New Homewood Marquee Sign Squeaks By
Village President Richard Hofeld broke a three-to-three vote during Tuesday night's Homewood village board meeting.
Story Updated at 3 p.m. on Aug. 29
Prepare to be more informed, and possibly more distracted, when driving past village hall on Dixie Highway.
The controversial expenditure of just over $21,000 on a new electronic marquee sign to replace the village’s current manually programmed sign was just barely approved during Tuesday night’s board meeting. The final vote was three to three, with Village President Richard Hofeld casting the tiebreaking "yes" vote.
The new sign, which has the ability to produce graphic images in addition to text, is required by law to hold static messages for no shorter duration than 15 minutes at a time, according to Community Development Director Paula Wallrich. The village will be installing the new sign at the corner of Dixie Highway and Hickory Road.

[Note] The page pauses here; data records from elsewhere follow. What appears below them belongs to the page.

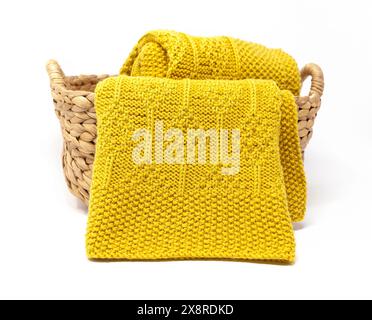 Yellow wool knitted blanket in diamonds pattern in basket on white background Stock Photo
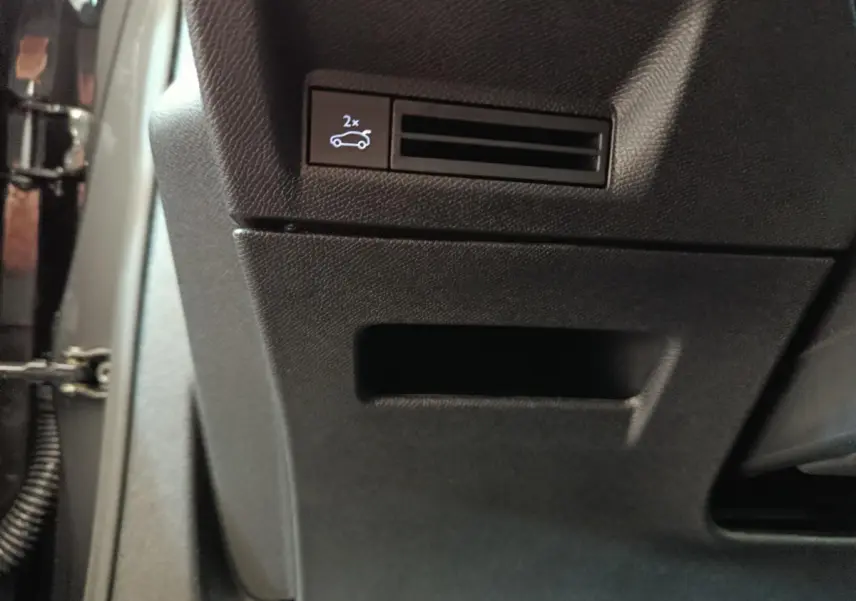 Détail intérieur montrant un bouton d'ouverture électrique du coffre sur la console côté conducteur du Peugeot 3008 blanc.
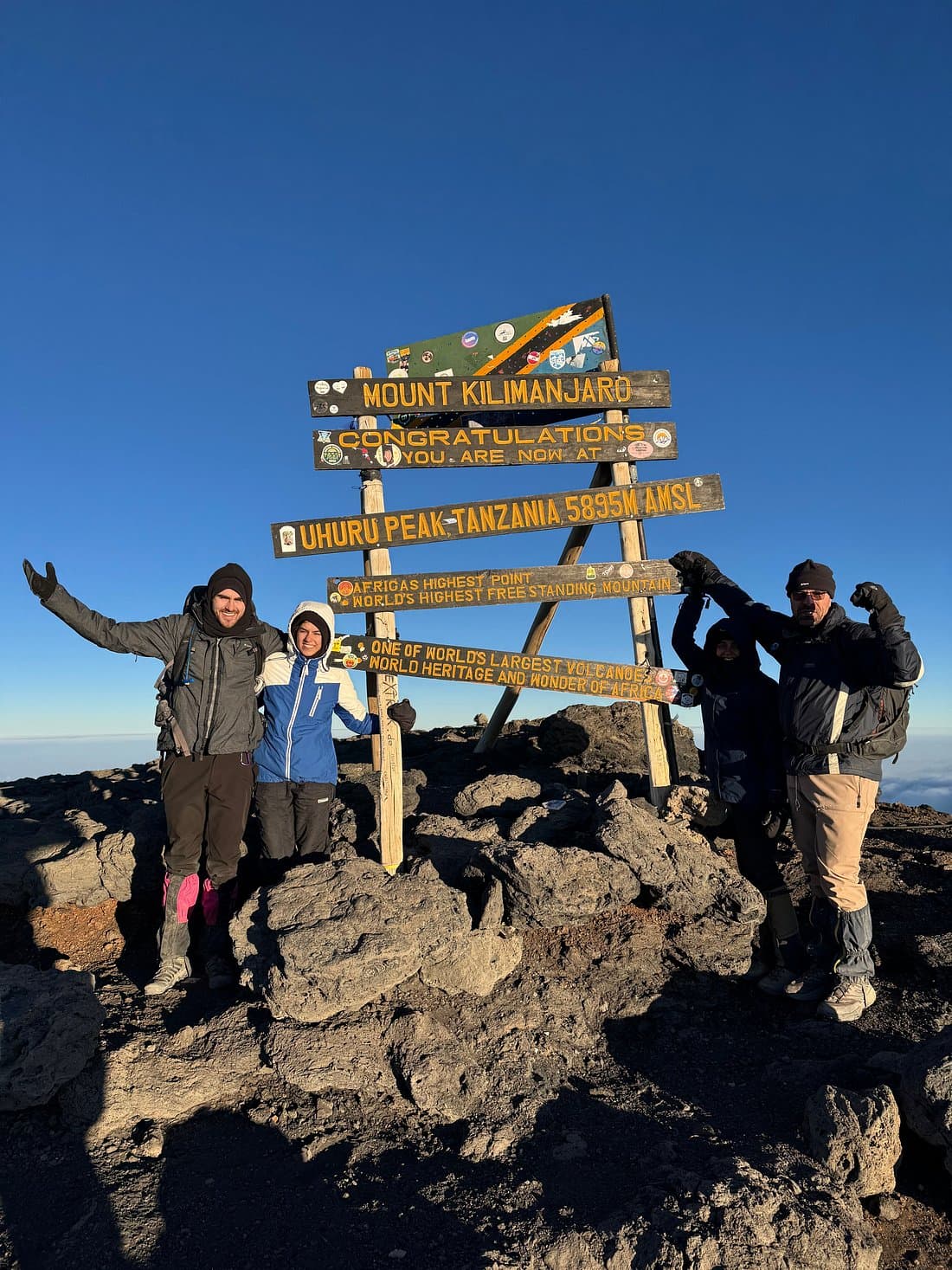 Resenärer firar vid toppskylten på Kilimanjaro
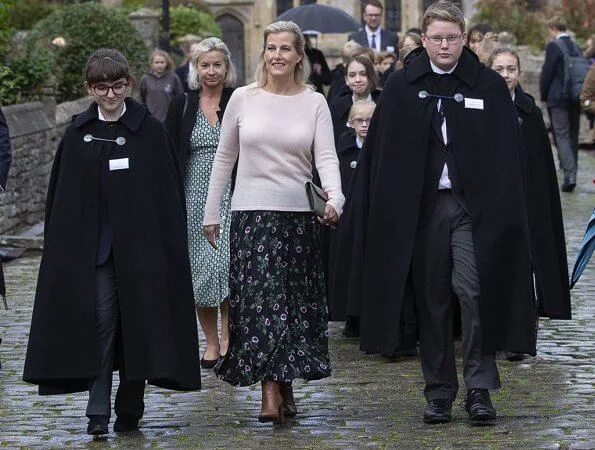 Countess of Wessex visited to join us in celebrating 25 years of Girl Choristers in Wells Cathedral Choir. floral print skirt and pink wool sweater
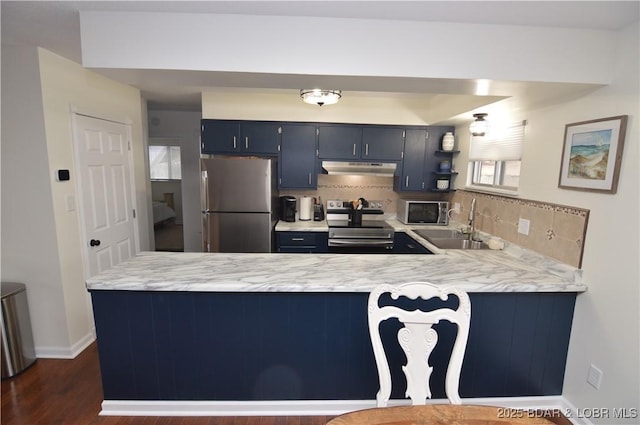 kitchen with sink, blue cabinetry, stainless steel appliances, decorative backsplash, and kitchen peninsula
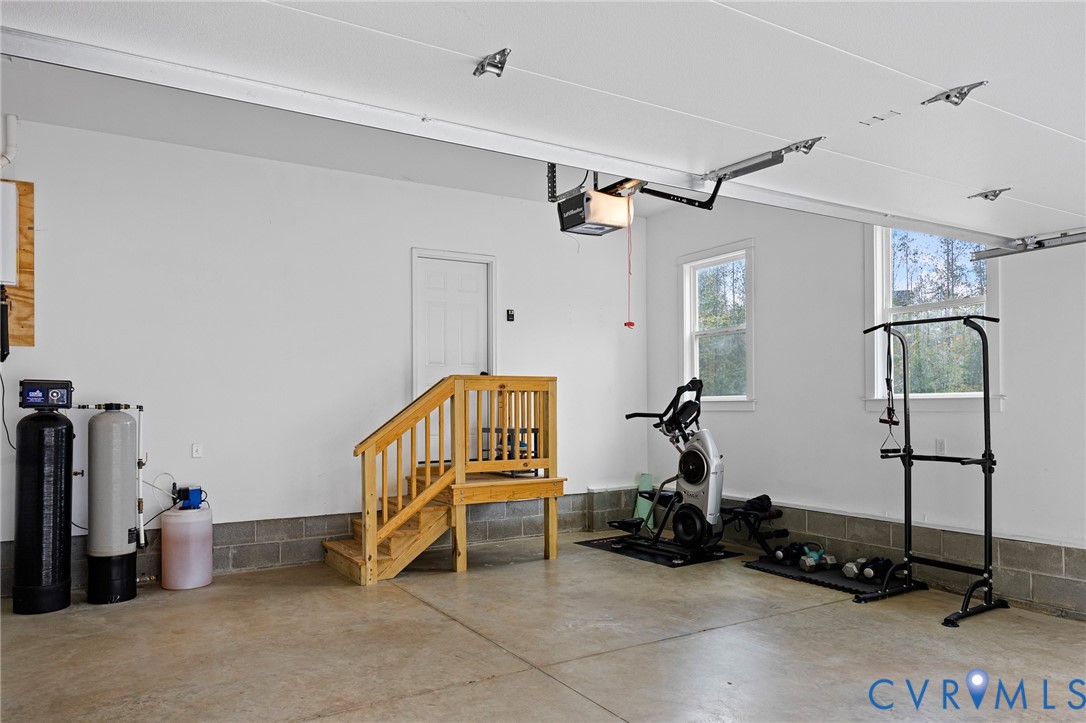 Garage space featuring concrete flooring, painted masonry walls, dual windows, and an integrated water filtration system with a wooden staircase access point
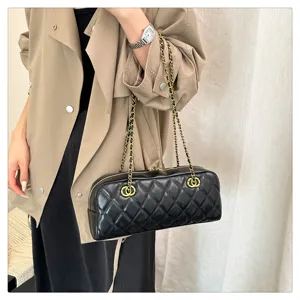 Black quilted chain shoulder bag, vintage bowling bag style with gold tone hardware.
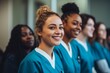 © Baba Images - diverse group of smiling female nurses at training at college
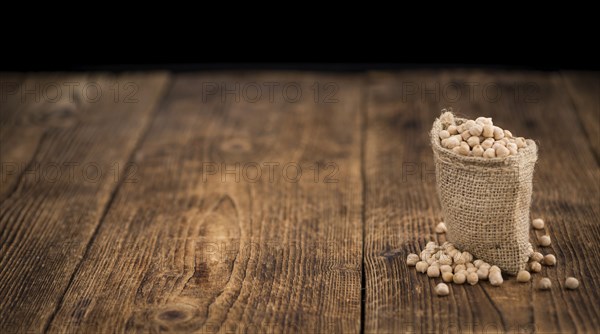 Chickpeas on a vintage background as detailed close-up shot, selective focus
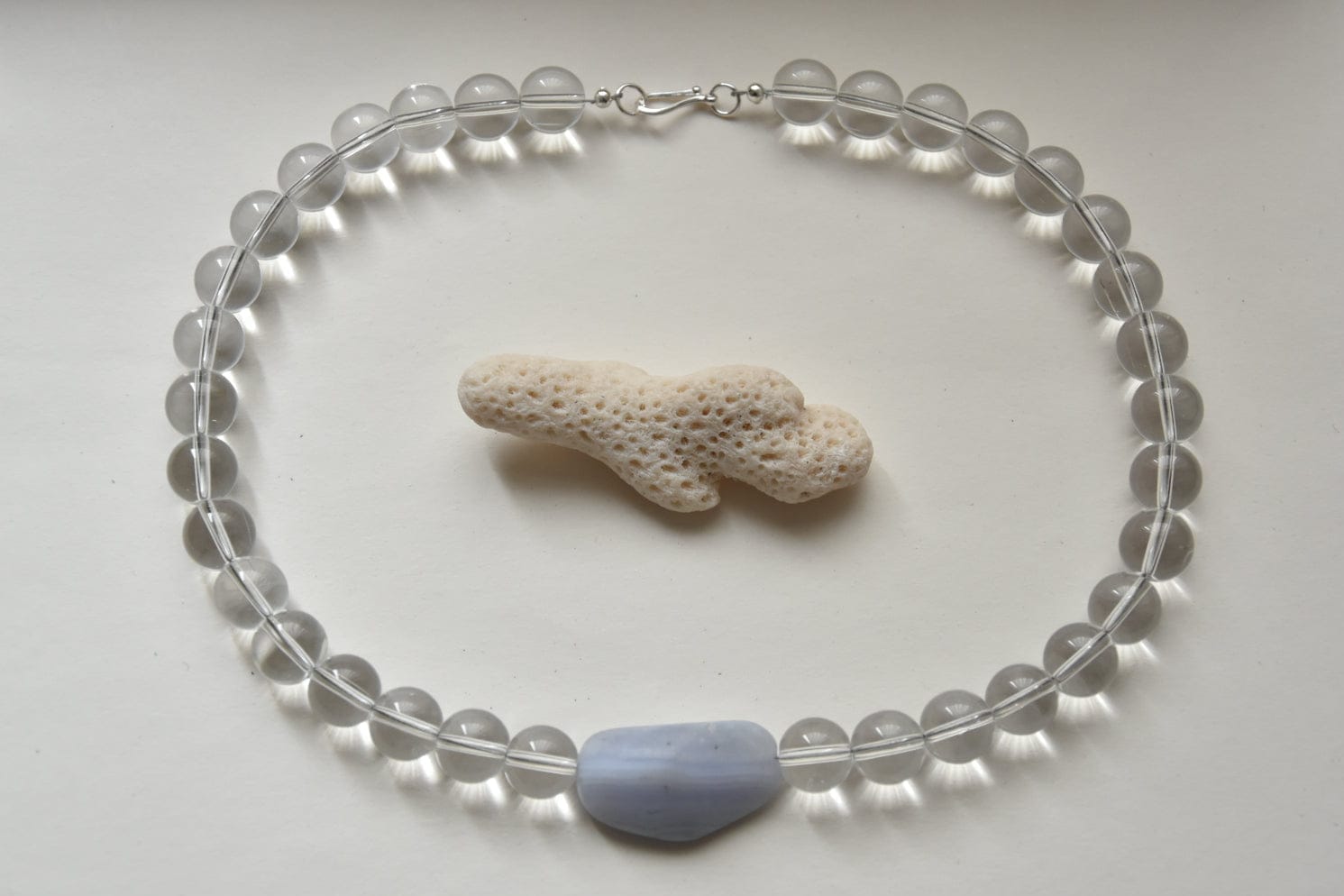 Kan-Studio-Aria-Necklace-Blue-Lace-Agate-stunning-chunky-transparent-clear-glass-beaded-beadnecklace-pale-sky-blue-lace-agate-stone-pendant-Statement-soft-colour-tones-day-evening-cool-london-handmade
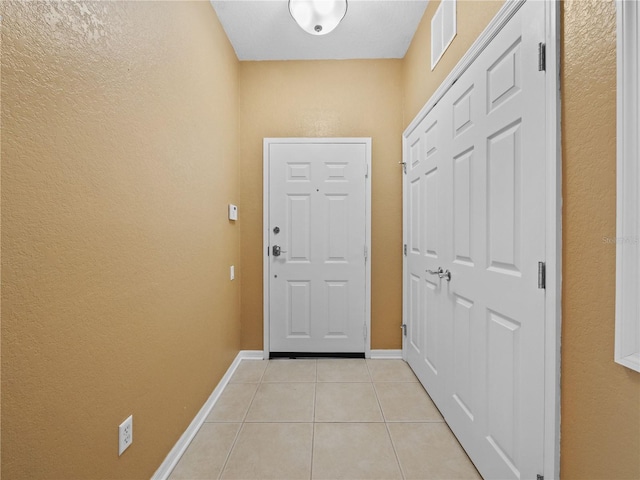 doorway to outside featuring light tile patterned floors, visible vents, and baseboards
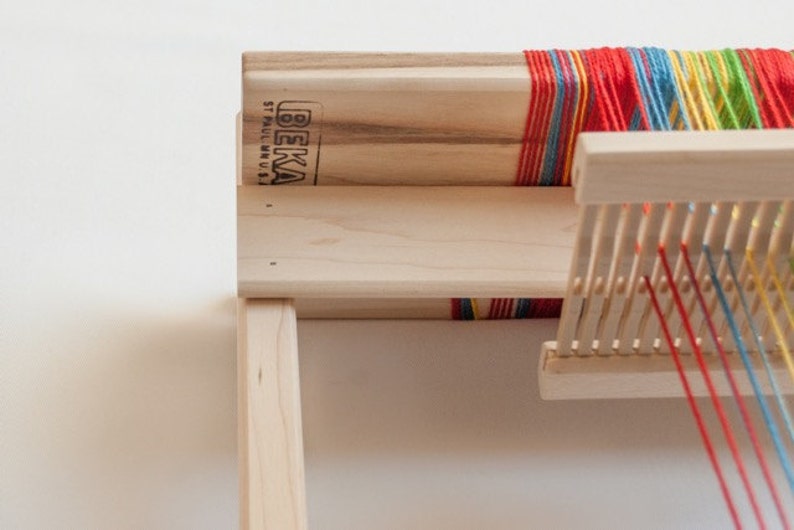May include: A wooden loom with colorful threads strung across it. The loom is made by BEKA ST. PAUL, MN, U.S.A.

Trustee Anne Colton said she likes the idea of the sign and understands its function, however, she contends it is in the wrong location for an animated sign.
“That is a treacherous, treacherous part of Homewood,” Colton said. “As an avid cyclist … I cannot tell you how many near-death experiences I’ve had already there. I think adding a distraction right there, with the school and everything else, is just asking for trouble.”
Colton pointed out the H-F Park District sign at the corner of Governors Highway and 183rd Street as an example of a better location. She said she’d support the sign installment should a better location be identified.
Trustee Jay Heiferman was also opposed to the sign’s installment. His point of contention was with the Homewood logo submitted for the new sign.
“I just think that consistently looks like a Rorschach test when I see … it looks like a blob of ink,” Heiferman said. “That’s what any good business would do—is have a nice, legible sign.”
Prior to the meeting, many H-F Patch users scoffed at the sign's $20K+ price tag in our comment section. Village President Hofeld says it's a much needed improvement.
“It’s a dated sign,” Hofeld said. “When I say dated—in the winter time, they can’t change the letters (on the current sign) because they’re frozen to it. The electronic sign will allow us to send out instantaneous messages—an emergency road closure, or whatever might come up instantaneously—we can from right inside the village hall, seven days a week without having to bring in someone to change it.”
Trustee Anne Colton also commented in response to the price concerns.
"One of the most important things a local government must do is to effectively communicate with its residents," Colton said. "This sign will allow us instant access to hundreds, if not thousands of our residents. Not only can we keep people apprised of village events and issues, if there is an emergency situation with weather, a missing child, or anything else, this gives us another channel to get the word out. While $20,000 is a substantial investment, it is an investment in our community."
Kataras, Colton and Heiferman voted no for the new sign. Dawkins, Purcell, Robertson and Hofeld voted yes.